- EXERCISE:
What are the lines, word for word, from the line with "Fungicide trial map layout" up to and including the line with "Bull Head Vector" in the records below? Omit the pictures.

(MATERIAL FOR THE TASK)

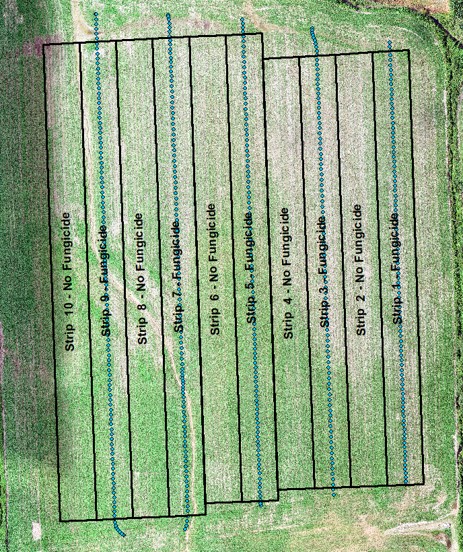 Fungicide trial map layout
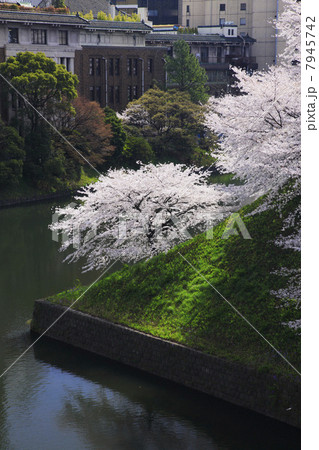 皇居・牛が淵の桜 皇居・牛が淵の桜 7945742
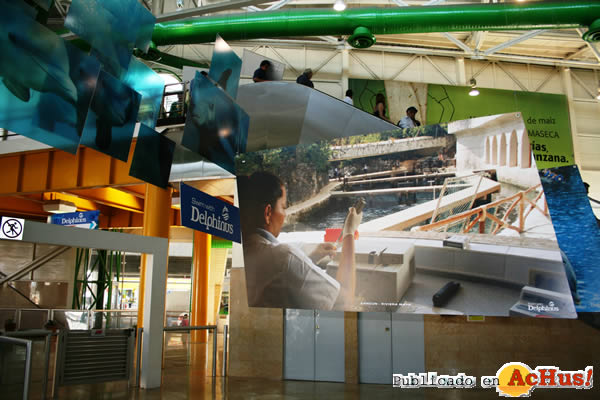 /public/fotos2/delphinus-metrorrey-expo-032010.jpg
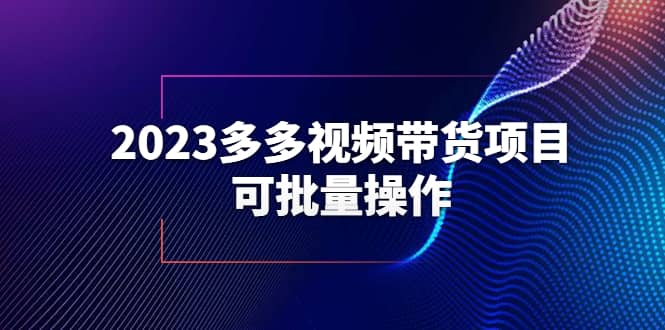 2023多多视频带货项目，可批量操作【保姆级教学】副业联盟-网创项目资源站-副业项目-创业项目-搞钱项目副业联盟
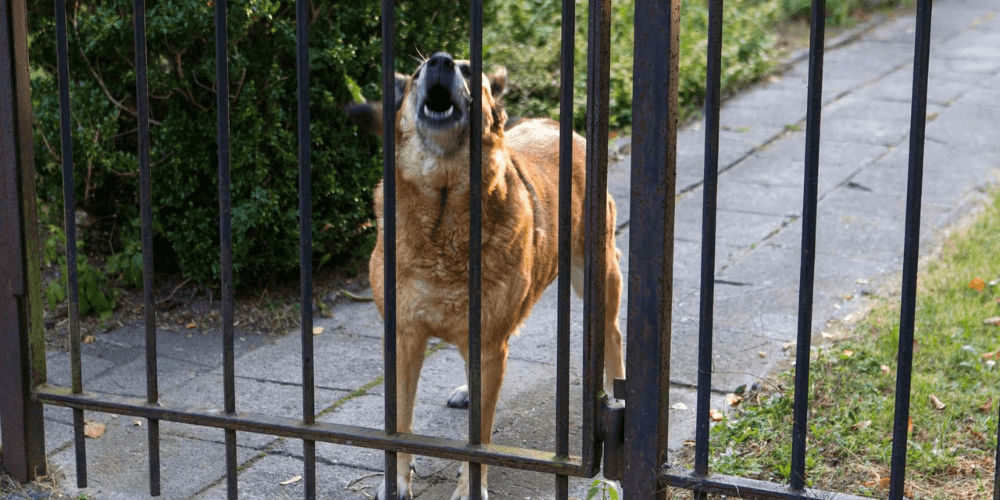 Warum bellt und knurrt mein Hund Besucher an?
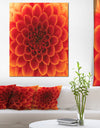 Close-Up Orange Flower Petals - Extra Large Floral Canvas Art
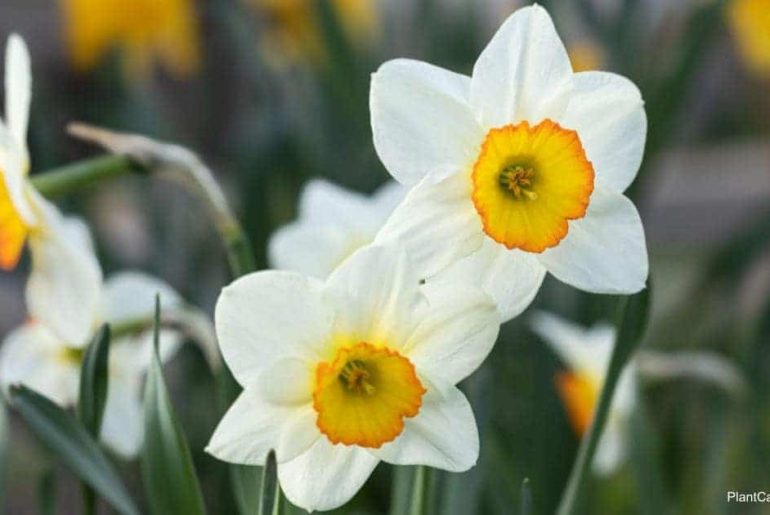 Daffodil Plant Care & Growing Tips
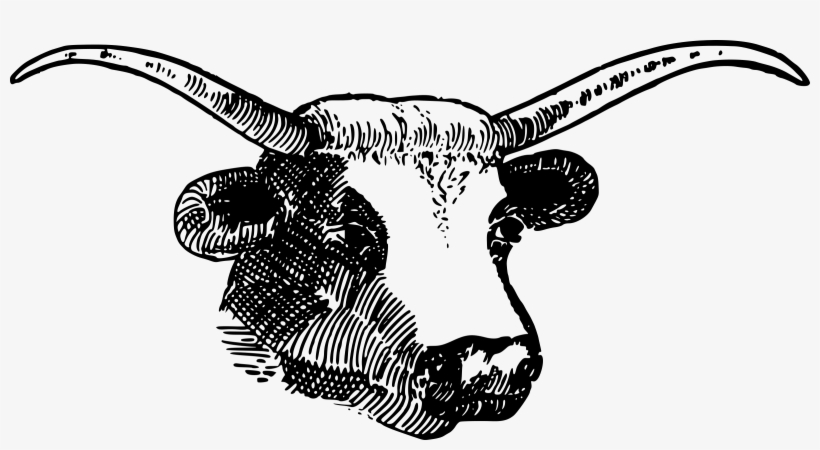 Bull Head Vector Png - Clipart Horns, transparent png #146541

(End MATERIAL FOR THE TASK)
(MATERIAL FOR THE TASK)

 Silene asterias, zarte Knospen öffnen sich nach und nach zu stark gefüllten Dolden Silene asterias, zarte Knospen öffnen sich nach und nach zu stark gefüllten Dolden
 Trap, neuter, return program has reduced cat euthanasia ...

(End MATERIAL FOR THE TASK)

- ANSWER TO THIS TASK:
 Fungicide trial map layout
 皇居・牛が淵の桜 皇居・牛が淵の桜 7945742
 /public/fotos2/delphinus-metrorrey-expo-032010.jpg
 2023多多视频带货项目，可批量操作【保姆级教学】副业联盟-网创项目资源站-副业项目-创业项目-搞钱项目副业联盟
 Warum bellt und knurrt mein Hund Besucher an?
 Close-Up Orange Flower Petals - Extra Large Floral Canvas Art
 Daffodil Plant Care & Growing Tips
 Bull Head Vector Png - Clipart Horns, transparent png #146541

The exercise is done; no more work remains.